Opening Bell: 03.26.12

Ex-Goldman Worker Said to Seek Book Deal (NYT)
Greg Smith has met with publishers this week, including imprints at several prominent houses. According to several people who were present, Mr. Smith described his book as a coming-of-age story, the tale of someone who came into the business with good intentions and sky-high ideals that were ultimately pierced by Goldman’s obsessive focus on making money. It would also be a story of the history of Goldman Sachs and the perceived change in the culture of the firm that left Mr. Smith, a native of South Africa who lived in London, disillusioned and eager to leave after spending nearly 12 years there.
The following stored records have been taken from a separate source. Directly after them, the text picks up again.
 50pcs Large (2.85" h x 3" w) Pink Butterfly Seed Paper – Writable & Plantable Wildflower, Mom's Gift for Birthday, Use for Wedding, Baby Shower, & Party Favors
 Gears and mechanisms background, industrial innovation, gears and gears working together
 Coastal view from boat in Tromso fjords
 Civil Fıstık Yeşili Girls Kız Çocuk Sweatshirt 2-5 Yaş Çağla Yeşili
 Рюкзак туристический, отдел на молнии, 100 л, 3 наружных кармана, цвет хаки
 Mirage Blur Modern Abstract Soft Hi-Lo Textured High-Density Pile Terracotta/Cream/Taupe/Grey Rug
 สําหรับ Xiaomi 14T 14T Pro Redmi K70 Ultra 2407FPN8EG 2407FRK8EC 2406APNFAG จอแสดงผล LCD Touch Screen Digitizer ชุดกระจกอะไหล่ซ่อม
E-Mail to Corzine Said Transfer Was Not Customer Money (Dealbook)
But the e-mail, a copy of which was reviewed by The New York Times, did not capture the full story behind the wire, which turned out to contain customer money. MF Global employees in Chicago had first transferred $200 million from a customer account to the firm’s house account, people briefed on the matter said. Once it was in the firm’s coffers, the people said, Chicago employees then promptly transferred $175 million of the money to the MF Global account at JPMorgan in London — the account that was overdrawn…The e-mail suggests that Mr. Corzine, a former governor of New Jersey, was unaware that the money had been transferred from a customer account.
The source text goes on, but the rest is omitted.